29 June 2010 Transcript of interview with Leon Byner 5AA Adelaide Subject(s): Leadership; RSPT; Food security; Asylum seekers; Adelaide Oval; Election

BYNER: Prime Minister of Australia Julia Gillard, good morning.

PM: Well thank you very much.

BYNER: Now we obviously have a challenge in front of us in the country because we had recently one of your chief advisors Bruce Hawker describe Kevin Rudd, only days before his demise, as the intellectual powerhouse of Labor. Do you agree with that assessment?

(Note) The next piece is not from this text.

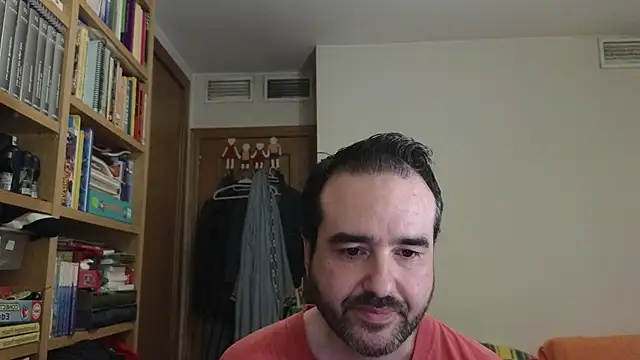 curiosillo83 online show from June 26, 8:00 pm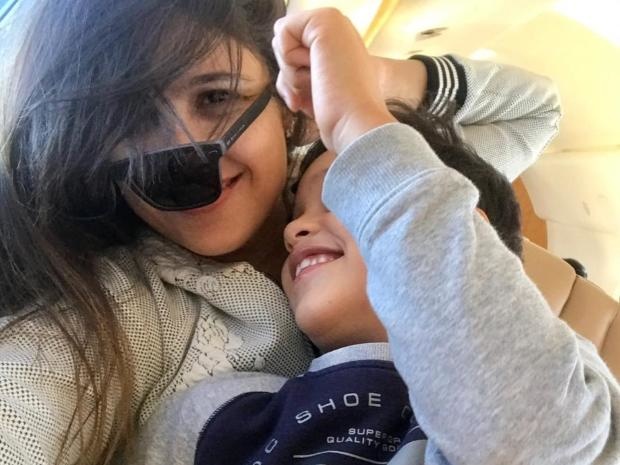 ياسمين عبد العزيز مع ابنها سيف في صورة قديمة لهما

PM: Kevin Rudd of course is an incredibly intelligent man and that's why if the Government's re-elected, and I'm not taking anything for granted, it's going to be a close hard contest, but if the Government's re-elected I'd be delighted to have him serve as a senior Cabinet Minister.

I believe that across the Government these is real depth in the team, I think it's a good team and I'm obviously now leading the team to do the things that I believe are necessary to get us back on track and to deal with a series of issues that have obviously caused community concern.

BYNER: Julia, Prime Minister, you will know that many of your backbench colleagues, some from WA, have actually gone public and said, quote, we want more substance and less spin. Do you concur with that?

PM: Look I believe I'm a person of substance, I mean I understand that it's fashionable to chide politicians about spin Leon. What's motivated me in politics is substance and as Minister for Education I think I'm entitled to say I've delivered reforms of substance that will be making a difference for Australian kids and for the future of this country in five, 10, 15, 20 years time.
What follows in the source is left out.